In Q4, BeautyHealth reported EPS at negative $0.07, down from negative $0.02 in the same quarter a year ago. This print beat Wall Street's estimates by 28%.

BeautyHealth EPS (GAAP)

Between FY2020 and FY2023, BeautyHealth's EPS dropped 5%, translating into 1.7% annualized declines. We tend to steer our readers away from companies with falling EPS, especially in the consumer staples sector, where shrinking earnings could imply changing secular trends or consumer preferences. If there's no earnings growth, it's difficult to build confidence in a business's underlying fundamentals, leaving a low margin of safety around the company's valuation (making the stock susceptible to large downward swings).

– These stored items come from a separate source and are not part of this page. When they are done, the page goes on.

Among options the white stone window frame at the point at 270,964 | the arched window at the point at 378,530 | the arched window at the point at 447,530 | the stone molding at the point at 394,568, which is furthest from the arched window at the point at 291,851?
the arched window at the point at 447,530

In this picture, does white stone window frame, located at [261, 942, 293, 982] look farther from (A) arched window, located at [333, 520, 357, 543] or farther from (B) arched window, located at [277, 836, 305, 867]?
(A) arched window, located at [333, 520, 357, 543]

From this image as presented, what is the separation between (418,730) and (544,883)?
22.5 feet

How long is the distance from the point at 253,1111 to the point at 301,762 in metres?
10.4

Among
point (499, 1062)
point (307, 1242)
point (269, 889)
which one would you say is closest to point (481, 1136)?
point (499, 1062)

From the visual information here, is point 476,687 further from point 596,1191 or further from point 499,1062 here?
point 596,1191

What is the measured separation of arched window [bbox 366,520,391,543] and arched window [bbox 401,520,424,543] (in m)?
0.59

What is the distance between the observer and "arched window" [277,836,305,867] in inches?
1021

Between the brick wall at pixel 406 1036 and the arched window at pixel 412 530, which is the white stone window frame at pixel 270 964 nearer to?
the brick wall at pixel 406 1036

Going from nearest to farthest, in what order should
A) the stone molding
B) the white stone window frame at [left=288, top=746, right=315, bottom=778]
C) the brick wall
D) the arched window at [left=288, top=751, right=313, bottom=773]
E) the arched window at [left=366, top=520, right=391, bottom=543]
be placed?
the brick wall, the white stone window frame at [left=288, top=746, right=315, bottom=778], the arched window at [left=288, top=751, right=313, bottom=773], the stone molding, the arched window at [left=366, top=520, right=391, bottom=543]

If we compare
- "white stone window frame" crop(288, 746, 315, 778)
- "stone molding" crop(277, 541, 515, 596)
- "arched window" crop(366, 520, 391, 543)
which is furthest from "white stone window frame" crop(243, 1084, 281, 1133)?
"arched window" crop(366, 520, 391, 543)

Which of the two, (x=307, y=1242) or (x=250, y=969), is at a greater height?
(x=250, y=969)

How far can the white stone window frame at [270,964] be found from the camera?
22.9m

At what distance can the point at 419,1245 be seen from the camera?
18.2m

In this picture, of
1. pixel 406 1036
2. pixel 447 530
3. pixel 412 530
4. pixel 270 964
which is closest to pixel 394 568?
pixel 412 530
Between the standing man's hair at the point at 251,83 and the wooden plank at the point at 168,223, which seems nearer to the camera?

On the bright side, Wall Street expects the company's earnings to grow over the next 12 months, with analysts projecting an average 95.7% year-on-year increase in EPS.

Return on Invested Capital (ROIC)

EPS and free cash flow tell us whether a company was profitable while growing revenue. But was it capital-efficient? Enter ROIC, a metric showing how much operating profit a company generates relative to how much money the business raised (debt and equity).

BeautyHealth's five-year average ROIC was negative 24.6%, meaning management lost money while trying to expand the business. Its returns were among the worst in the consumer staples sector.

Key Takeaways from BeautyHealth's Q4 Results

We were impressed by how significantly BeautyHealth blew past analysts' revenue expectations this quarter, driven by outperformance in "Americas consumables net sales and strong device placement in Asia-Pacific". This also enabled the company to beat Wall Street's EPS estimates. On the other hand, its gross margin missed analysts' expectations as it had "higher inventory related charges and higher product and warranty costs". Lastly, its full-year revenue and EBITDA guidance aligned with analysts' forecasts. We think this was a great quarter because of the top-line beat, and the stock is up 19.6% after reporting. It currently trades at $4.28 per share.

Is Now The Time?

BeautyHealth may have had a good quarter, but investors should also consider its valuation and business qualities when assessing the investment opportunity.

We cheer for all companies serving consumers, but in the case of BeautyHealth, we'll be cheering from the sidelines. Although its revenue growth has been exceptional over the last three years, its brand caters to a niche market. And while its projected EPS for the next year implies the company's fundamentals will improve, the downside is its relatively low ROIC suggests it has struggled to grow profits historically.

BeautyHealth's price-to-earnings ratio based on the next 12 months is 89.5x. While we've no doubt one can find things to like about BeautyHealth, we think there are better opportunities elsewhere in the market. We don't see many reasons to get involved at the moment.

Wall Street analysts covering the company had a one-year price target of $4.29 per share right before these results (compared to the current share price of $4.28).